However, these are not the only black boxes you’ll encounter. Not by a long shot. Both Python and the machinery it rests on use many mechanisms that can trip you up if you’re not careful. In general, the more important your program, the more you should mistrust such black boxes and seek to find out what’s going on under the covers. I’ll show you two traps to be aware of in the following sections, but if you take nothing else away from this section, remember the following:
The latter principle of redundancy is used in many performance-critical systems and is also one of the key pieces of advice given by Foreman S. Acton in his book Real Computing Made Real, on preventing calculating errors in scientific and engineering software. Of course, in every scenario, you have to weigh the costs of correctness and performance against their value. For example, as I said before, if your program is fast enough, there’s no need to optimize it.

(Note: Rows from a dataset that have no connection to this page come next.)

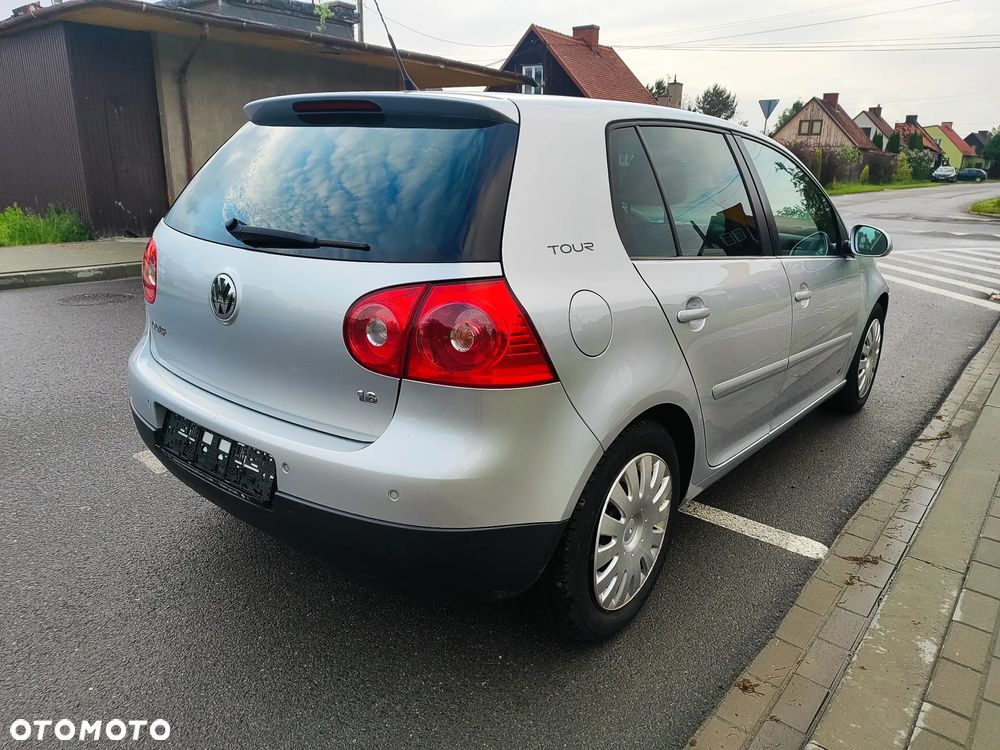 Volkswagen Golf 1.6 Tour Edition - 12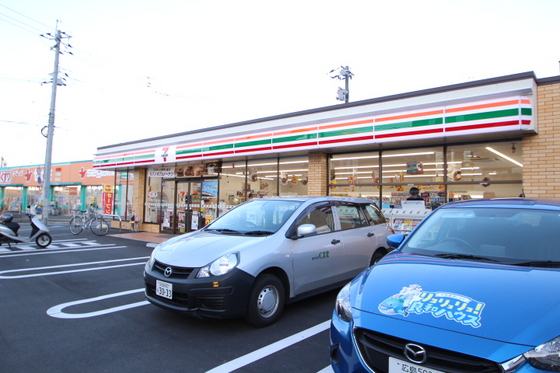 コンビニ　セブンイレブン広島西原６丁目店（コンビニ）まで127m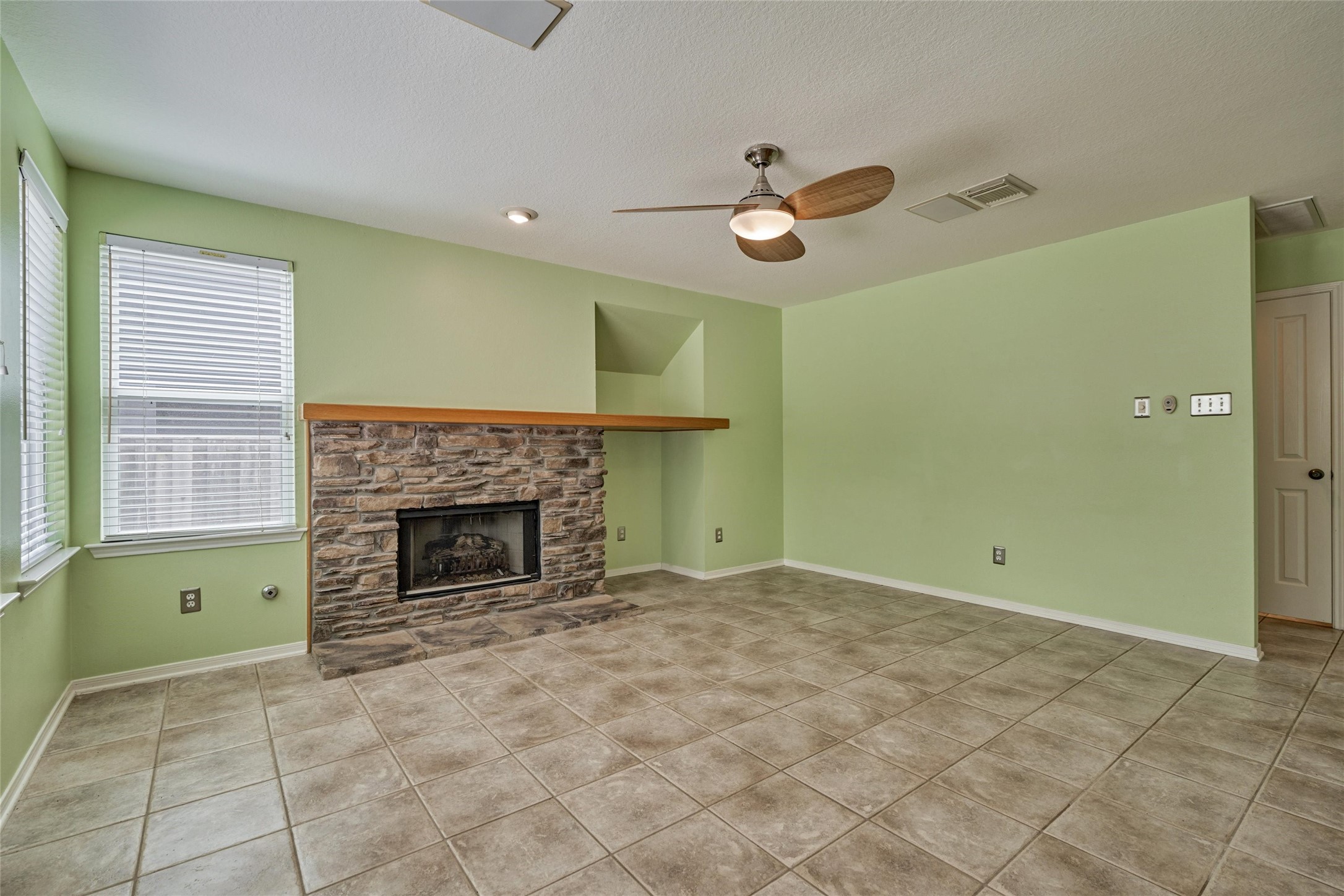 59 W Gaslight Place Property Photo 14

The following two sections deal with two rather different topics. The first is about hidden performance traps: operations that seem innocent enough but that can turn a linear operation into a quadratic one. The second is about a topic that is not often discussed in algorithm books, but it is important to be aware of, that is, the many traps of computing with floating-point numbers.
Hidden Squares
Consider the following two ways of looking for an element in a list:
>>> from random import randrange
>>> L = [randrange(10000) for i in range(1000)]
>>> 42 in L
False
>>> S = set(L)
>>> 42 in S
False
They’re both pretty fast, and it might seem pointless to create a set from the list—unnecessary work, right? Well, it depends. If you’re going to do many membership checks, it might pay off, because membership checks are linear for lists and constant for sets. What if, for example, you were to gradually add values to a collection and for each step check whether the value was already added? This is a situation you’ll encounter repeatedly throughout the book. Using a list would give you quadratic running time, whereas using a set would be linear. That’s a huge difference. The lesson is that it’s important to pick the right built-in data structure for the job.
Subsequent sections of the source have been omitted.